Eso significa sobre todo que, en el caso del misticismo, el individuo se limita 
a recibir simplemente lo que se presenta a él, y tal como se presenta, sin que él 
mismo cuente en eso para nada; y, digámoslo de inmediato, es en eso donde reside 
para él el peligro principal, por el hecho de que está «abierto» así a todas las 
influencias, de cualquier orden que sean, y de que además, en general y salvo raras 
excepciones, no tiene la preparación doctrinal que sería necesaria para permitirle 
establecer entre ellas una discriminación cualquiera.
En el caso de la iniciación, 
al contrario, es al individuo a quien pertenece la iniciativa de una «realización» 

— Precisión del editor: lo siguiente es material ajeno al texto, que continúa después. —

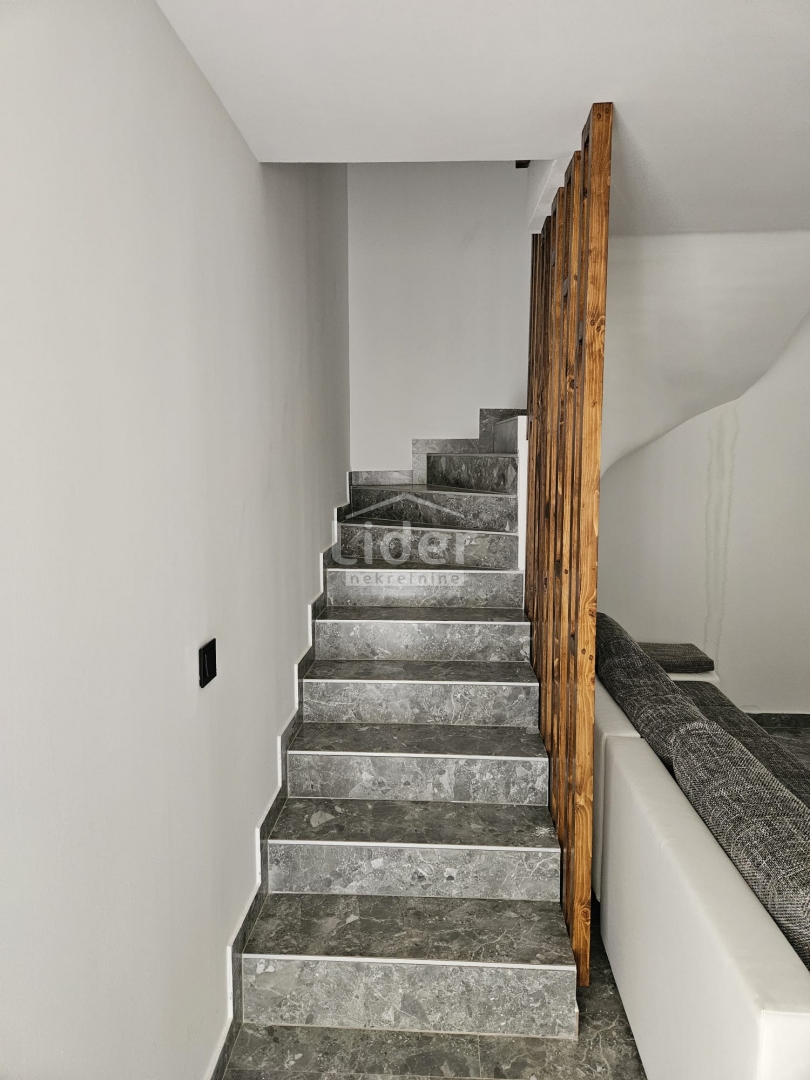 House Cere, Žminj, 85m2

que perseguirá metódicamente, bajo un control riguroso e incesante, y que deberá 
llevarle normalmente a rebasar las posibilidades mismas del individuo como tal; 
es indispensable agregar que esta iniciativa no es suficiente, ya que es bien evidente 
que el individuo no podría rebasarse a sí mismo por sus propios medios, pero, y 
es esto lo que nos importa por el momento, es esa iniciativa la que constituye obligatoriamente 
el punto de partida de toda «realización» para el iniciado, mientras que el místico 
no tiene ninguna, ni siquiera para cosas que no van en modo alguno más allá del 
dominio de las posibilidades individuales.

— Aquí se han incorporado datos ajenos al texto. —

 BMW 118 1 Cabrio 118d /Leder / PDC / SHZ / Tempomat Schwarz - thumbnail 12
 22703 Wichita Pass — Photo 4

Esta distinción puede parecer 
ya bastante clara, puesto que muestra bien que no se podrían seguir a la vez las 
dos vías iniciática y mística, pero, no obstante, ella sola no podría bastar; podríamos 
decir incluso que no responde todavía más que al aspecto más «exotérico» de la cuestión, 
y, en todo caso, es demasiado incompleta en lo que concierne a la iniciación, de 
la que está muy lejos de incluir todas las condiciones necesarias; pero, antes de 
abordar el estudio de esas condiciones, todavía nos quedan que disipar algunas confusiones.